A post by Michael Bomford at Energy Bulletin goes over the issue of food miles as seen by, presumably, the average locavore. As you can see from this chart:
food miles are a vanishingly small part of American energy expenditure. Household storage and processing of foods accounts for more than four times as much energy.
If we want to impact energy use by our food choices, the author says, we should perhaps look at the processing and packaging costs. This is a chart of the calories of energy expenditure devoted to food categories, regardless of distance traveled:
Cut out the top row, and you'll eat better. And, as it happens, cut out the top row and you'll pump less carbon into the atmosphere. Win-win!
I think this is true as far as it goes. I also think, though, that the article is harder on locavores than it needs to be. Wheat from my local farmer, goes the thinking, yields little energy savings compared to wheat from a distance; we should really only think of the wheat itself in terms of its advantage over Twinkies and Pepsi.
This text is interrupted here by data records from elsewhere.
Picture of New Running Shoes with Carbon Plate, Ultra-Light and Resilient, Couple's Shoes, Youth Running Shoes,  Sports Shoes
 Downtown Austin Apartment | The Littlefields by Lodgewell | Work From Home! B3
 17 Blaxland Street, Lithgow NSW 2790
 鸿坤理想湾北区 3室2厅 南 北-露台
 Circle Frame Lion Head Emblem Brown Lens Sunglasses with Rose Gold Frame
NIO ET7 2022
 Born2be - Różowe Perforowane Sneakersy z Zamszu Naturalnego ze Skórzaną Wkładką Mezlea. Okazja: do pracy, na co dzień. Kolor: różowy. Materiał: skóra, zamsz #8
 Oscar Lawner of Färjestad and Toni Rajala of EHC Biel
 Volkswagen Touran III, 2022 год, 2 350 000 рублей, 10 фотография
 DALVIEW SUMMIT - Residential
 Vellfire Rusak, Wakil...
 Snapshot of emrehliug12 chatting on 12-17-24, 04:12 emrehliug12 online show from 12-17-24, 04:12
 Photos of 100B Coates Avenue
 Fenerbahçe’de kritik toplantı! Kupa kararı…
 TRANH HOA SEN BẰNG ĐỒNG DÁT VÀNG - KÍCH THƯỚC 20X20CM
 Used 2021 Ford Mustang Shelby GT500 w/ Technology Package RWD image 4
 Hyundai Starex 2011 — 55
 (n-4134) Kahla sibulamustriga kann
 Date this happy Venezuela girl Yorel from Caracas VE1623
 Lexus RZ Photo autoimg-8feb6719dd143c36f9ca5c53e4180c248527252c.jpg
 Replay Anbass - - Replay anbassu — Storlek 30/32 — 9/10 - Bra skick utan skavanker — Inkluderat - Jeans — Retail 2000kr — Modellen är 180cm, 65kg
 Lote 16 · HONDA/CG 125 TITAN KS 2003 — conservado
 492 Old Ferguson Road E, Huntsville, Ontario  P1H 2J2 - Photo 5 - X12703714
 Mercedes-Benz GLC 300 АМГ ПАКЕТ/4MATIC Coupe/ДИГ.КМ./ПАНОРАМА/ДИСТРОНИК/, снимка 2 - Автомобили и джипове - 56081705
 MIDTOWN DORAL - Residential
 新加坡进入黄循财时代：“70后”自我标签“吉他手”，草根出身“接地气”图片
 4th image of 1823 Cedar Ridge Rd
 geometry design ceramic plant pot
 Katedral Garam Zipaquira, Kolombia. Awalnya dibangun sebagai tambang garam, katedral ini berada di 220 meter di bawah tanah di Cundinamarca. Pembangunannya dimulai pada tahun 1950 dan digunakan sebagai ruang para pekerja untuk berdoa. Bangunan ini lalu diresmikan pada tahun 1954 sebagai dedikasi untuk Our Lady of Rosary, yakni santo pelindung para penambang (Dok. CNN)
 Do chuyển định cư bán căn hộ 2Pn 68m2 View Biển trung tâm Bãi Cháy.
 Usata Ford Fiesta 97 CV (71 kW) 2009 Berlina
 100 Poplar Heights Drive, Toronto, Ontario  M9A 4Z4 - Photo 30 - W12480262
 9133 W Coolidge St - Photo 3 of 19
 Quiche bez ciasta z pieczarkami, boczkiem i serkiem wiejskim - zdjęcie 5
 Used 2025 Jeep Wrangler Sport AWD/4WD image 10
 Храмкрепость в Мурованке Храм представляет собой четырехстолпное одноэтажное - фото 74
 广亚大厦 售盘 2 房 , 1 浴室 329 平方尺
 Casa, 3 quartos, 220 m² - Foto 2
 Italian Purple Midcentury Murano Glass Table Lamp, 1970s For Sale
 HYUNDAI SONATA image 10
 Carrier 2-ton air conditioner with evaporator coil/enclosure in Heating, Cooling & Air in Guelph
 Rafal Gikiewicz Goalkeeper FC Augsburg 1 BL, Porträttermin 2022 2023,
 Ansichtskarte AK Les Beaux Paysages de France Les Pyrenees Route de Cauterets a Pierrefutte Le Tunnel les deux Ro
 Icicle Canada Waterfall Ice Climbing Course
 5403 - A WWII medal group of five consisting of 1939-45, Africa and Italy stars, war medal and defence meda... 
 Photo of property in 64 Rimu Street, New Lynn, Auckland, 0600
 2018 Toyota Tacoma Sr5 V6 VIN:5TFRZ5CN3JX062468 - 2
Well, sure. But the locavores I know aren't really perseverating on food miles; they're thinking of encouraging the local farmers to grow something besides grass seed or hybrid poplars. Even if we succeed in doing this, the available farm land in my local county can feed only about nine percent of us (currently we're running about five per cent); so if the world transportation system were to become disrupted, there would be, to put it mildly, problems. There are going to be many things for us to think through; USDA charts are contexted within a framework that's now in danger of shifting into unknown territory.
So I would say, yah, eat low on that inverted pyramid. It's good for you and good for the "planet." But continue cultivating your relationship with your local farmer, your neighbors, your woodstove, your candle, your well, your potatoes, your beans, your squash, your apple trees, and your chicken. There may come a time, and it could be soon, when you will be glad you did.